The cinematic barn-storming by the Catos is all about building the Queens World Film Festival brand. Now heading into its sixth year, it’s become a true international event.

“We’re getting ten submissions a day from places like Serbia, China, Bangladesh, Brazil, Australia and the United Arab Emirates,” Katha said. “And of course from right here in Queens. The quality of the films is just incredible and there are so many submissions that the screening process has grown into a 24-7 operation.”

The Festival is scheduled for March 15 to 20 at the Museum of the Moving Image in Astoria, the Secret Theatre in Long Island City and PS 69 in Jackson Heights. In addition, the Catos run year round programming such as the Young Filmmakers Program and the Old Spice screenings for seniors.

“We’ve expanded our Young Filmmakers Program to include the Central Queens YMCA and to fund that and the other programs we’ve set up an Indiegogo Crowdfunding Campaign,” Katha said. “Don and I can’t sustain it anymore by ourselves. Some of our programs get partial funding from Danny Dromm and Jimmy Van Bramer but for the Festival to truly reach its potential we’ll need more.”

As the QWFF continues to grow she’s hoping to add employees and proper office space.

“It’s too big to be running it from our living room anymore,” Katha said. “This thing has to be a sustainable model to benefit the borough and for that we’ll need 25 full-time employees, from coordinators and technicians to publicists and event planners. You can’t sustain an international event with volunteers.”

Meanwhile, Councilman Daniel Dromm (D-Jackson Heights) and the Ford Foundation are supporting a special free community screening of “In Jackson Heights” on Oct. 23 at PS 69. The Frederick Wiseman documentary is about the neighborhood, one of the most ethnically and culturally diverse communities in the U.S. and the world.

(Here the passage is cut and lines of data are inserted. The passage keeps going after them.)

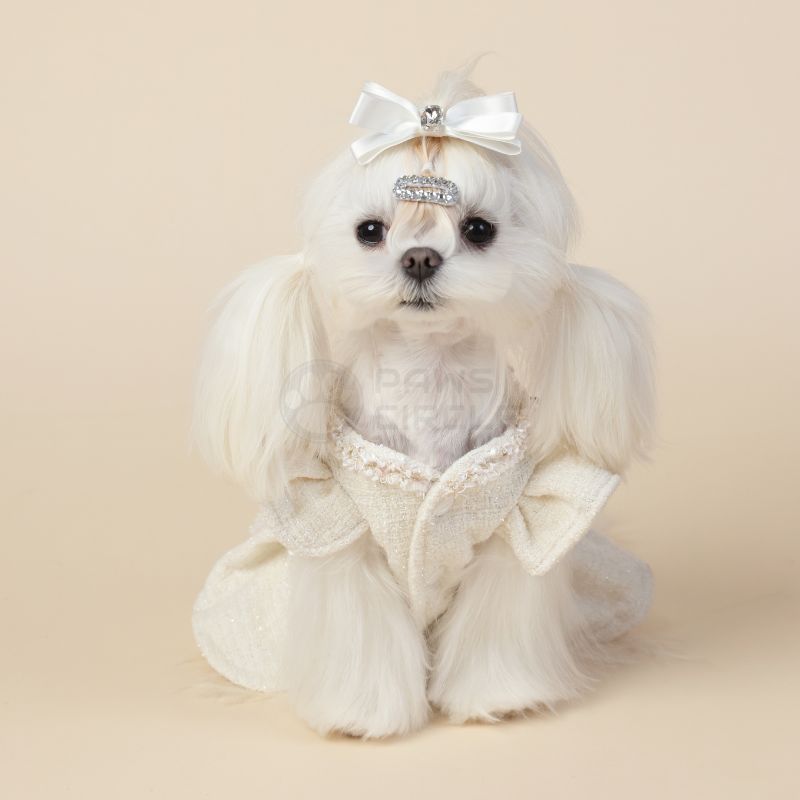 Small white dog wearing a decorative outfit with a bow on a beige background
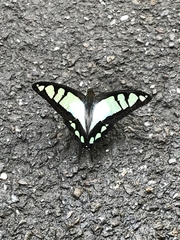 Graphium cloanthus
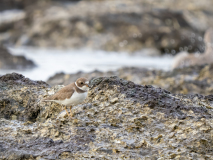 Semipalmated Plover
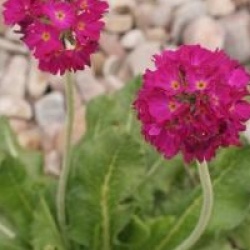 Primula rosea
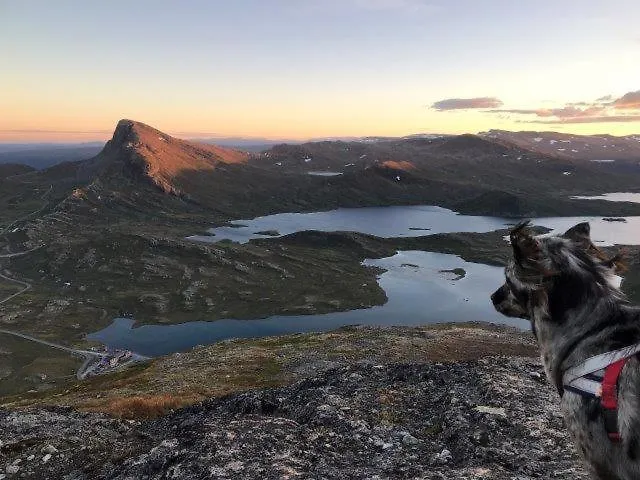 Bygdin Hoyfjellshotell Otel *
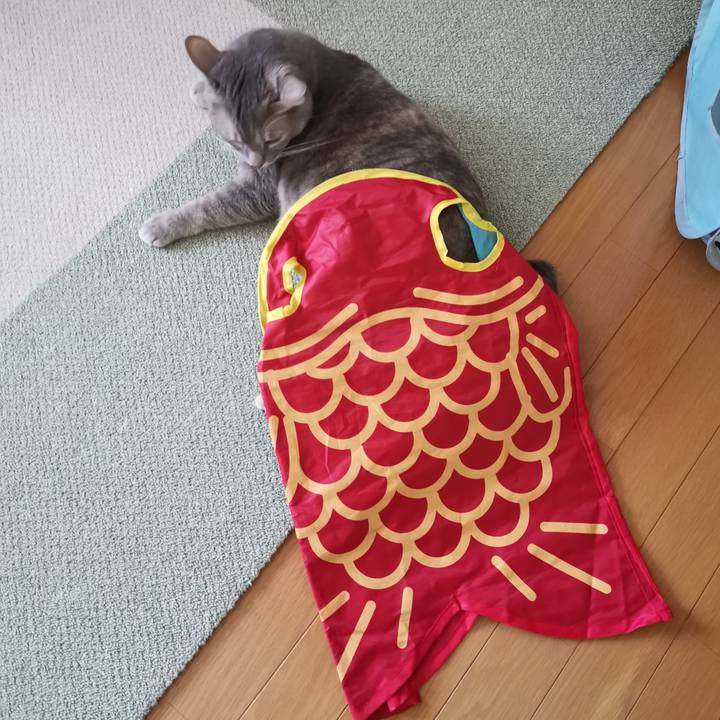 A8b29063 4e68 4e16 bfe7 e90ea947ad93 1604115696984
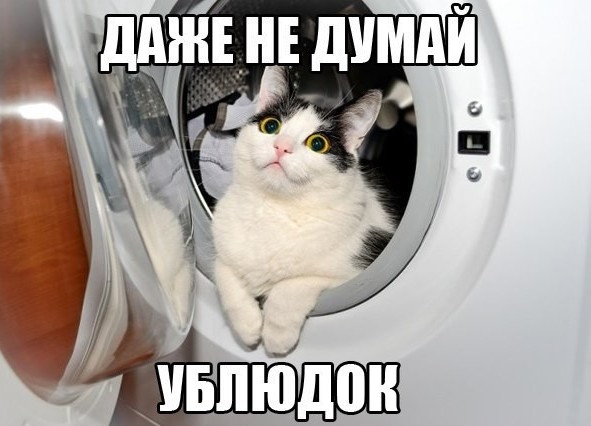 дщнцнвдпмпй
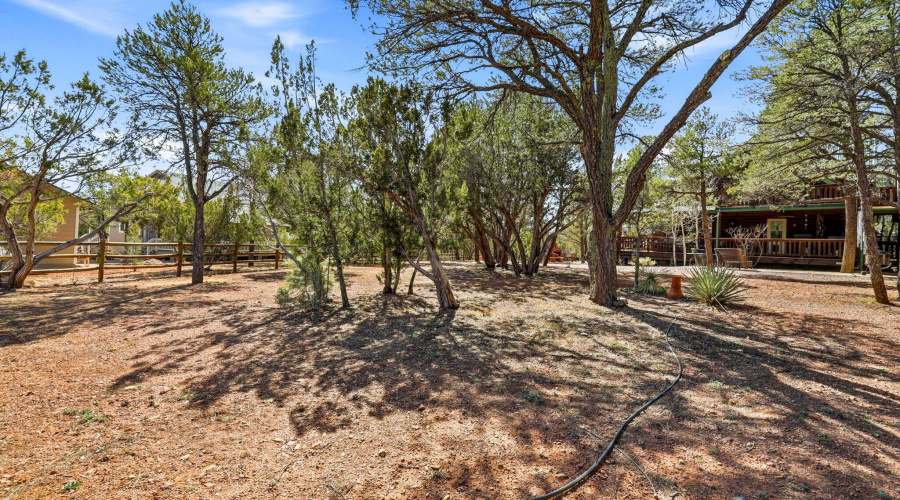 2337PumaCir-Overgaard-AZ-34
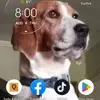 Johnnie Hill - @johnnie.hill8 - TikTok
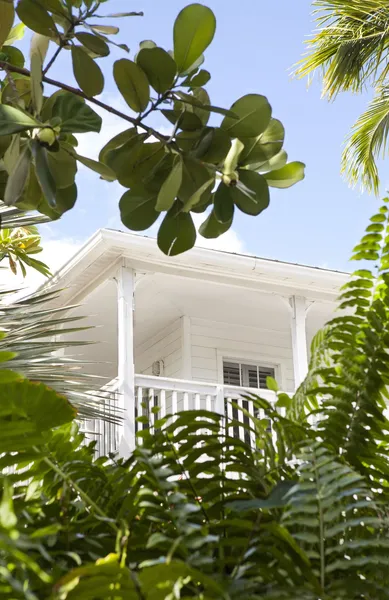 Paradise Inn Key West - Adults Only hotel detail image 2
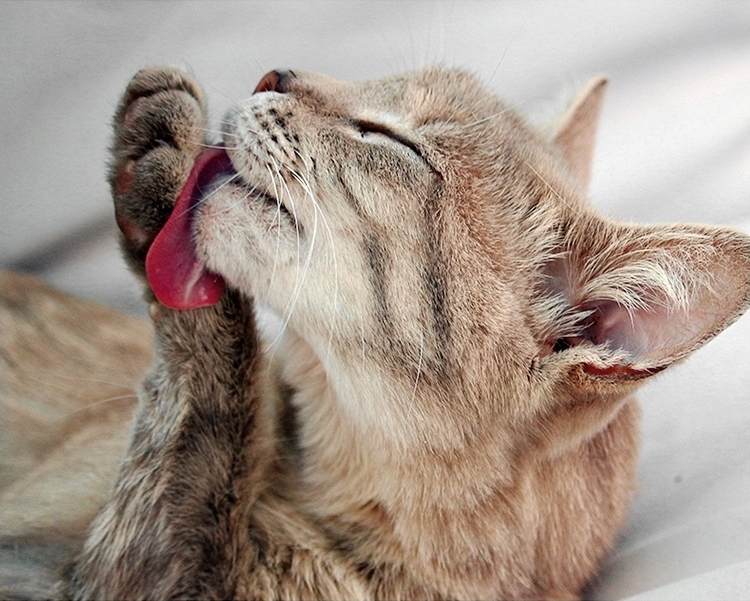 How to make tofu cat litter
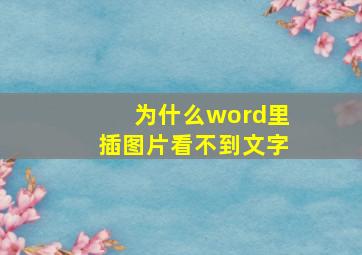 为什么word里插图片看不到文字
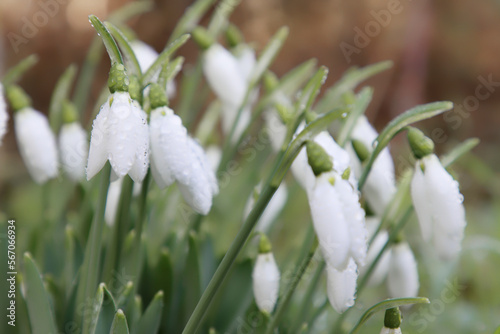 perce neige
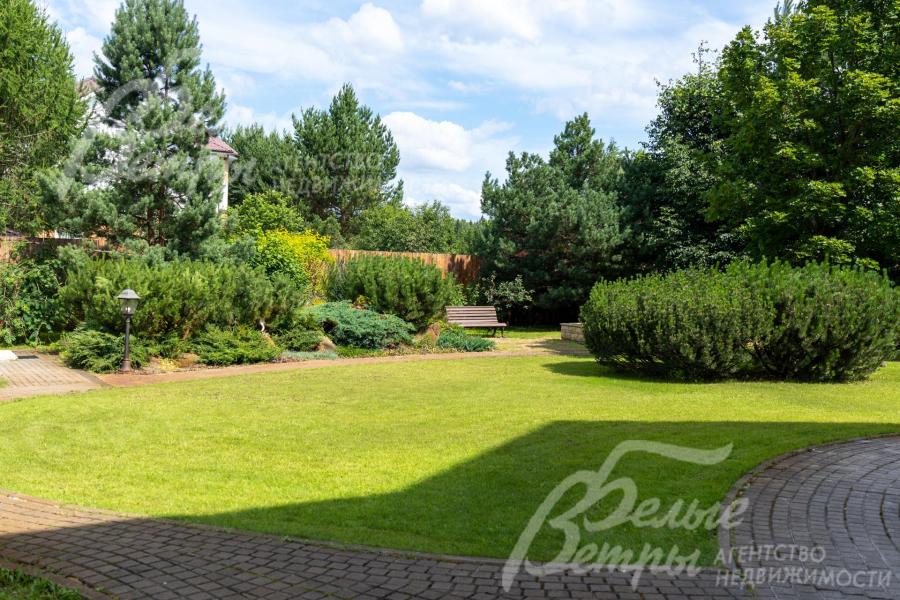 Взрослые сосны и ели высотой более 8 метров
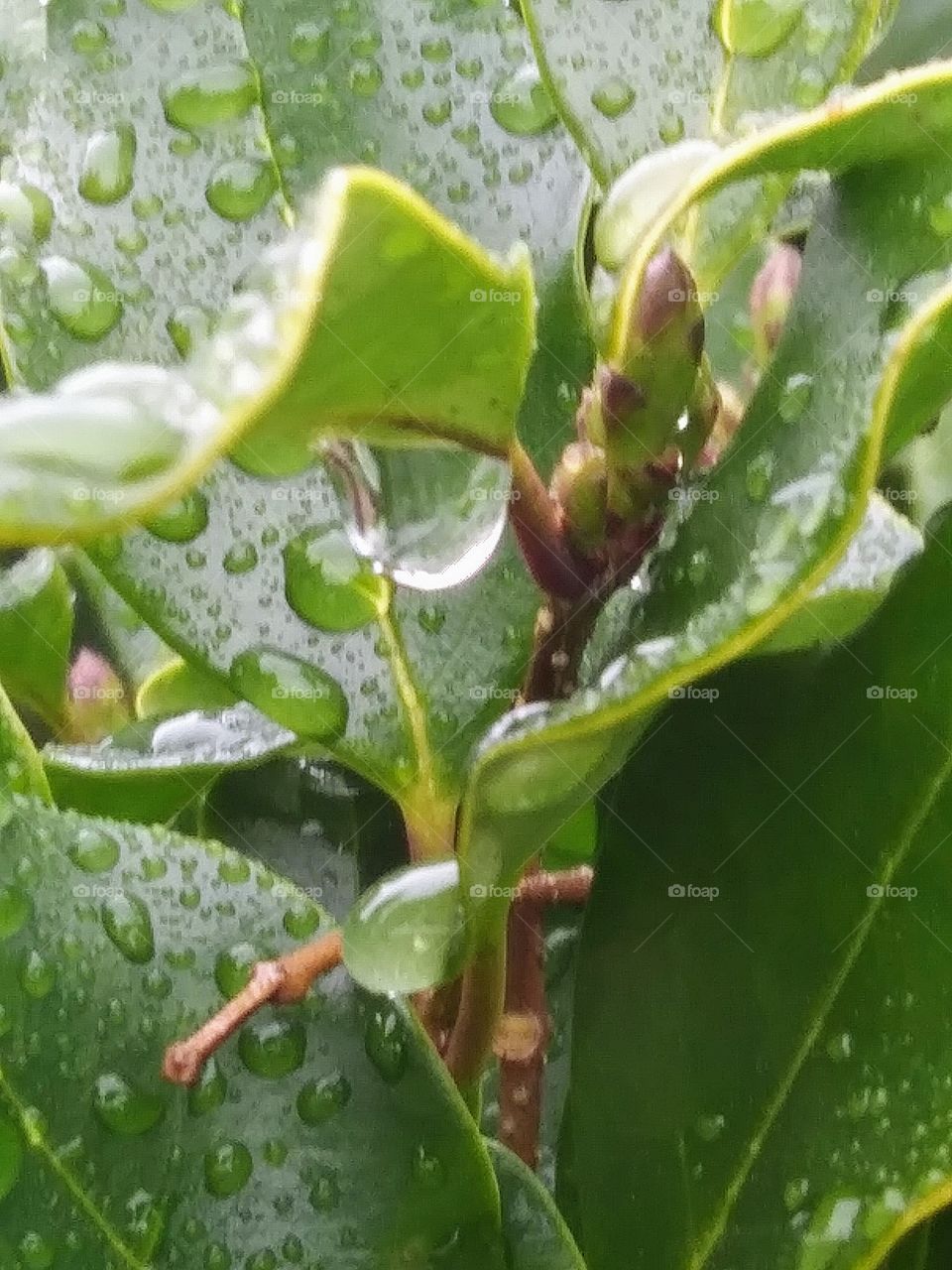 leaves covered in raindrops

The subject of the film is the daily life of its people, their businesses, community centers, religions, and political, cultural and social lives as well as the conflict between maintaining ties to traditions of residents’ countries of origin and the need to learn and adapt to American ways and values.

The three-hour-long film starts at 6:30 p.m. Wiseman and Dromm will participate in a question-and-answer session after the screening.

To reserve a ticket go to injheights.bpt.me or call 1-800-838-3006. Tickets are limited.